April Fool’s Day: Harmless pranks or harassment in the workplace?

By Alan Price, BrightHR CEO

April Fool’s Day is fast approaching.

But whilst wind-up merchants are meticulously planning their antics and preparing to pull one over on their colleagues, it begs the question: are pranks in the workplace ever OK?

Now contrary to popular belief, your HR department doesn’t want to be a party pooper…

In fact, in many workplaces, some good-natured banter will be appreciated, and could even be seen as an importance aspect of nurturing good workplace relationships.

However, there is always a risk of a joke being misconstrued.

What might appear to be a bit of harmless fun to one person could be incredibly upsetting or humiliating to another.

Fans of The Office will no doubt remember when Jim puts his colleague Dwight’s stapler in Jell-o – and the upset it caused Dwight, much to the amusement of the rest of the team.

However, when someone feels victimised as the recipient of unwanted comments or actions, that could be interpreted as harassment.

And that could be a one-way ticket to an employment tribunal on the grounds of bullying if the bullying behaviour relates to one of the current protected characteristics.

Still not convinced that HR doesn’t stand for Humour Removal?

Well, let’s look at some of the common gags that will no doubt be making appearances in offices up and down the country on 1 April – and shine a spotlight on the potential HR issues that they could trigger, as well as the real-life ramifications.

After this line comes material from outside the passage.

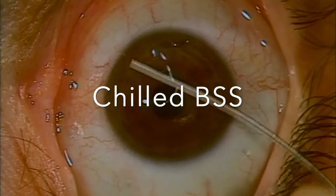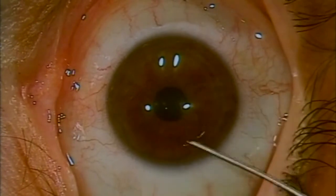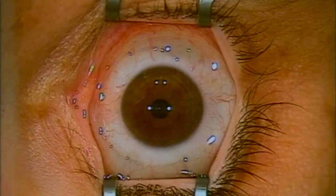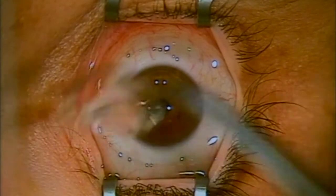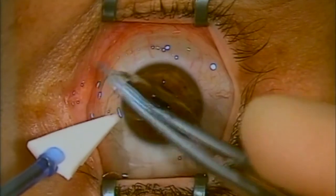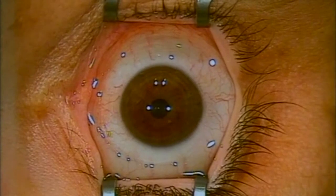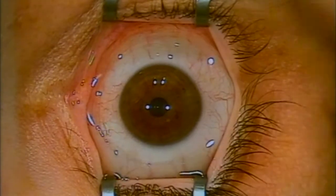Then we're straight on to the application of chilled BSS, and the tip here is to drop it on gently rather than squirting it onto the eye — that's more comfortable for the patient. A final tip: once you've applied the mitomycin, done the irrigation and put on your drops at the end of surgery, put your bandage contact lens on upside down. This is a tip from Pallikaris, the father of LASIK, and it avoids getting air bubbles underneath the contact lens.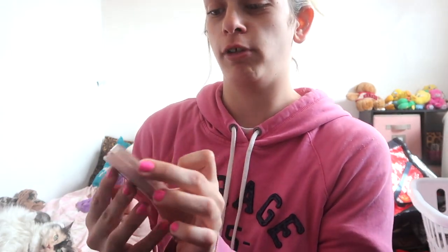I got this foundation — it's Green Wonder. I'm using it completely without a mirror because my mirror is broken. I don't know why, but oh well.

Setting a risqué screensaver on a colleague’s computer
To ensure compliance with GDPR, employees should always keep their computer locked when away from their desk. Whilst a prank like this may seem trivial, if the jokester accidentally obtained access to confidential information or deleted key documents, there could be ramifications for the organisation. All data breaches must be reported by law, and it’s unlikely that bosses will look kindly on fines received as the result of a prank

Plastic wrap on the door
An old favourite, tricksters wrap a door frame in cling film hoping colleagues will bounce straight off the plastic when trying to enter a room.

It’s a tried and tested prank – but it’s not without its health & safety risks. And as we all know, health & safety is no laughing matter.

It should go without saying that anything that could be likely to cause injury should be avoided, otherwise you could find yourself with employees needing to take sick leave, and/or compensation claims. This also applies to the old ‘bucket of water on top of the door’ trick too.

Wrapping up EVERYTHING on your colleague’s desk
Firstly, when did this take place? It’s unlikely that gift wrapping a desk would be included in an employee’s job description, so taking time away from their normal duties to do it could, in some cases, be treated as a conduct issue, especially if the participants missed deadlines or failed to serve customers.

Similarly, the person who must unwrap their equipment may then be put under pressure to complete the work they had planned to do, causing undue stress. So this prank is likely to be a very unwelcome gift….

Baking a questionable cake for your colleagues
Bringing in cake for colleagues is a very sweet thing to do. But if you’re trying to trick your colleagues into taking a slice of what they only think is Victoria sponge or chocolate gateaux, there are potential health & safety concerns and, if someone has food allergies or intolerances, a prank like this could have serious ramifications.

Deliberately misleading a colleague on the ingredients contained within a food item could breach the implied term of trust and confidence and cause a breakdown in employee relations. Also, no employer wants to deal with the aftermath of someone who has eaten something in the workplace that doesn’t quite go down right…

Air horn/whoopee cushion on the office chair
The sound of an airhorn would be enough to cause a fright in an open space, never mind in an enclosed office environment. Employees who are sensitive to noise, or who suffer from conditions such as anxiety, could be upset by this prank.

Whilst a whoopee cushion is certainly not as strident as an air horn, it could still cause embarrassment.

Additionally, if customers or clients are in the workplace or on the phone to a colleague at the time, they could be unimpressed with the level of professionalism of your workplace.

So, what’s the verdict….is April Fool’s Day harmless fun or workplace harassment?

If an employee feels they are always the one being pranked to the delight of others, they could feel that this is bullying. They may raise a grievance or, if the behaviour continues, even feel that they can’t work there anymore. This puts you at risk of a constructive dismissal claim.

In general, when a joke comes at the expense of someone else it’s likely not to be a joke at all.

It’s important for organisations to have a zero-tolerance stance against any form of bullying, harassment, or discrimination in the workplace, and to pro-actively take steps to avoid such behaviours occurring.

It’s probably best to keep April Fool’s shenanigans to a minimum in the workplace to avoid any issues.

If you’re a born jokester and April Fool’s without pranks is like Easter without chocolate, then I would advise enjoying the fun at home with family before coming to work. And remember, any pranks after noon mean the joke is on you.